[Opening Input data section]
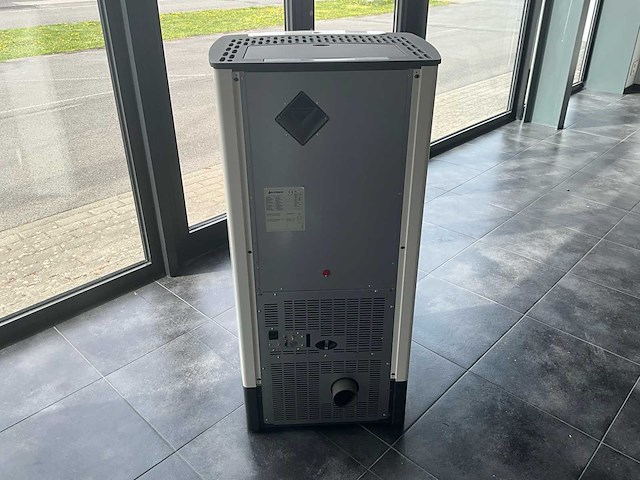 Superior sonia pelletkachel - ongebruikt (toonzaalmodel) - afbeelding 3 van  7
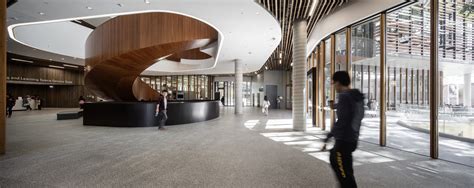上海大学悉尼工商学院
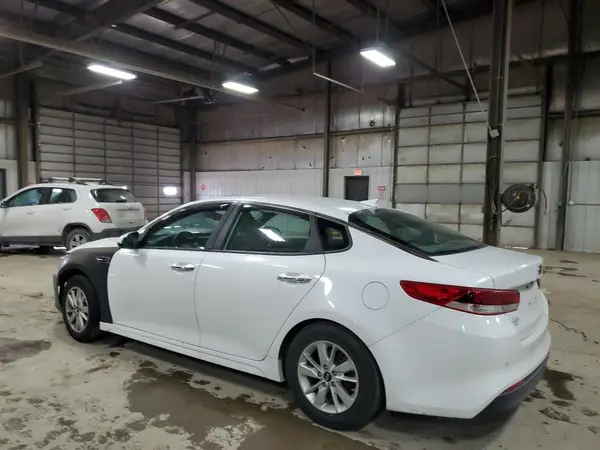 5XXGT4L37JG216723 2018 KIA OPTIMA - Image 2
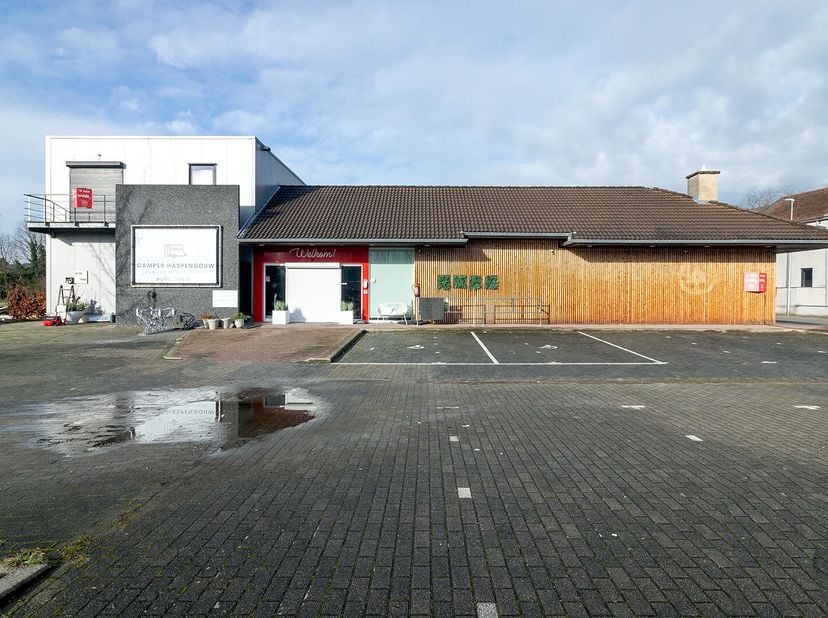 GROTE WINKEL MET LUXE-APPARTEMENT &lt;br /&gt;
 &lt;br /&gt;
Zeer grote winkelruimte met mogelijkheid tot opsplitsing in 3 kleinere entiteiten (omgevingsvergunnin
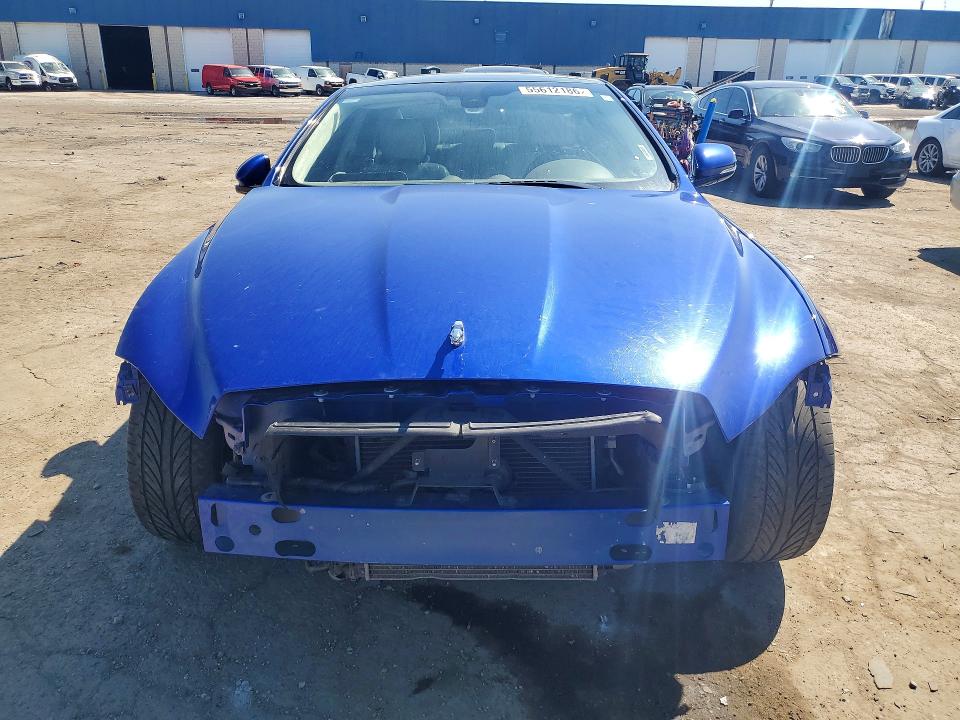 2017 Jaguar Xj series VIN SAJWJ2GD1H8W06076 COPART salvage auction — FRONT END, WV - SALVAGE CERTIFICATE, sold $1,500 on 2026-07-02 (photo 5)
[Closing Input data section]
◆ Task directions
When you output the entries, keep each line exactly as it is and leave out any pictures.

◆ Output for this exercise
 Superior sonia pelletkachel - ongebruikt (toonzaalmodel) - afbeelding 3 van  7
上海大学悉尼工商学院
 5XXGT4L37JG216723 2018 KIA OPTIMA - Image 2
 GROTE WINKEL MET LUXE-APPARTEMENT &lt;br /&gt;
 &lt;br /&gt;
Zeer grote winkelruimte met mogelijkheid tot opsplitsing in 3 kleinere entiteiten (omgevingsvergunnin
 2017 Jaguar Xj series VIN SAJWJ2GD1H8W06076 COPART salvage auction — FRONT END, WV - SALVAGE CERTIFICATE, sold $1,500 on 2026-07-02 (photo 5)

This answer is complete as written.